Legco committee chief plans attack on delaying tactics after length of debates doubles
Pan-democrat decries ‘declaration of war’ and vows to oppose Chan Kin-por’s changes
The committee that approves or denies the government’s spending plans has doubled the amount of time it spends looking at each funding request, its chairman has said, blaming filibustering and declaring his resolve to curb that by tightening the rules.
Chan Kin-por said the average time lawmakers on the Legislative Council Finance Committee spent on each item increased from two hours in the 2015-16 session to 4.2 hours in the last one. Items took only 1.8 hours each to pass on average in the four sessions from 2012 to 2016.

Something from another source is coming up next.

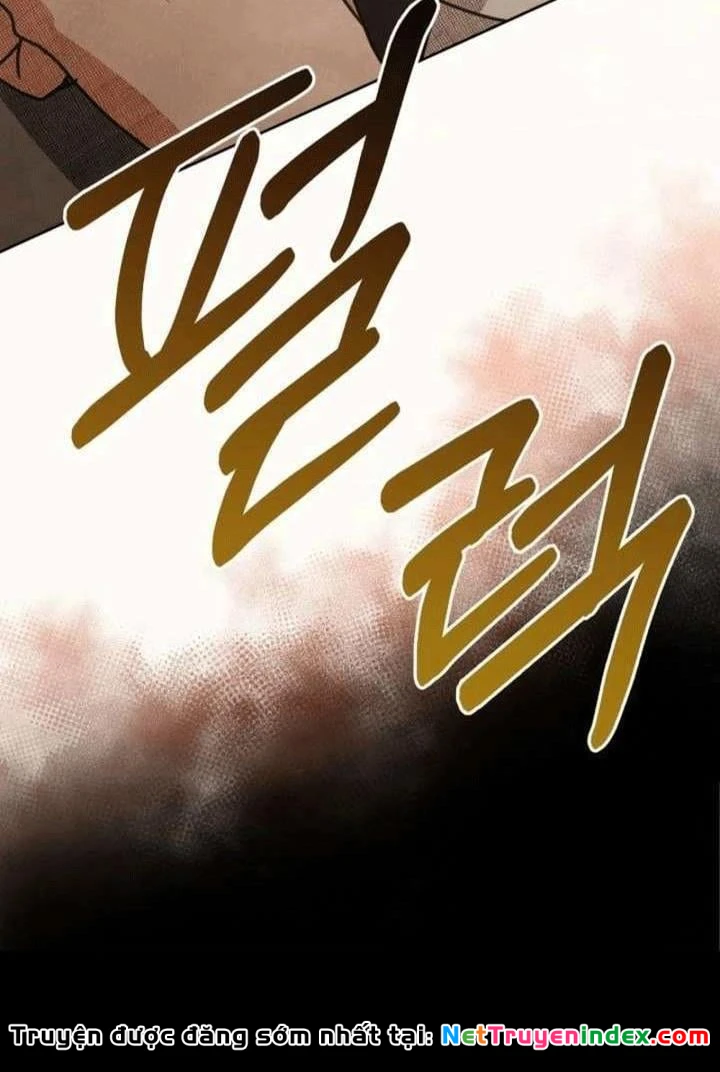 Nhật Ký Thuần Hóa Của Linh Sư Cấp S Chapter 59 - 36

In 123 hours of deliberation over the past year, the committee passed 29 proposals.
In the last Finance Committee meeting earlier this month, the pan-democrats dragged out a debate for seven hours in protest against the disqualification of four of their colleagues for improper oath-taking.
Chan admitted some officials’ attempts to address lawmakers’ concerns about funding requests had been unsatisfactory, but attributed the problem more to filibustering pan-democrats.

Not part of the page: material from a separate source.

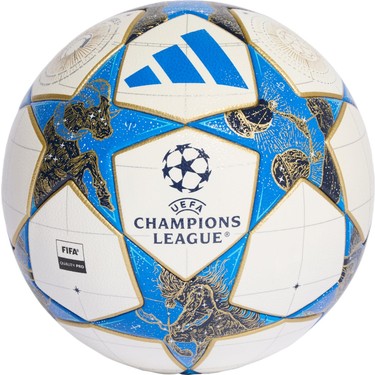 Adidas Performance JP1541 UCL Competition 25/26 League Stage Fiyatı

“Finance Committee is supposed to be a place for lawmakers to scrutinise funding requests instead of debating policies or venting emotions,” Chan said.
“I hope lawmakers will not forget their original goals and get things back on the right track.”
Chan proposed tightening the rules on delaying tactics, a plan likened by the pro-democracy camp to a “declaration of war”, and which looked set to fuel tensions between that bloc and the pro-establishment group when Legco resumes in October.
Under proposals Chan first voiced last week, lawmakers would only be allowed to request an adjournment of a meeting or discussion of an item, not both. And anyone expelled for inappropriate behaviour would be banned from the next session on the same day.
Chan would also limit each member to only one non-binding motion per item discussed.
But on Thursday Chan floated even tougher options, including getting rid of non-binding motions.
“The [non-binding] motions could actually be entirely scrapped,” he said. He added that 10 per cent of meeting time over the past year was spent dealing with non-binding motions, most of which failed.
Chan also suggested exploring scrapping the public works and establishment subcommittees. He said around 79 to 89 per cent of items endorsed there were discussed again by the Finance Committee.
Chan would not be the first to attempt such a tightening of the rules.
Back in 2012, Beijing-friendly lawmaker Ip Kwok-him tried to do the same, in vain. Ip’s proposal failed, after rivals filed more than a million amendments to it.
Undeterred, Chan on Thursday pledged to discuss the plan with both camps.
But pan-democrat Civic Party lawmaker Dennis Kwok said his camp would use all means to block Chan’s plan, especially when the legislature was set to scrutinise contentious bills such as the proposal for mainland officers to enforce mainland laws at the terminal of the express rail link to Guangzhou.
Kwok said for Chan’s camp to force through the changes would be no different from rubbing salt into the pan-democrats’ wounds, after the four lawmakers’ disqualifications.
“It is a declaration of war against pan-democrats,” he said.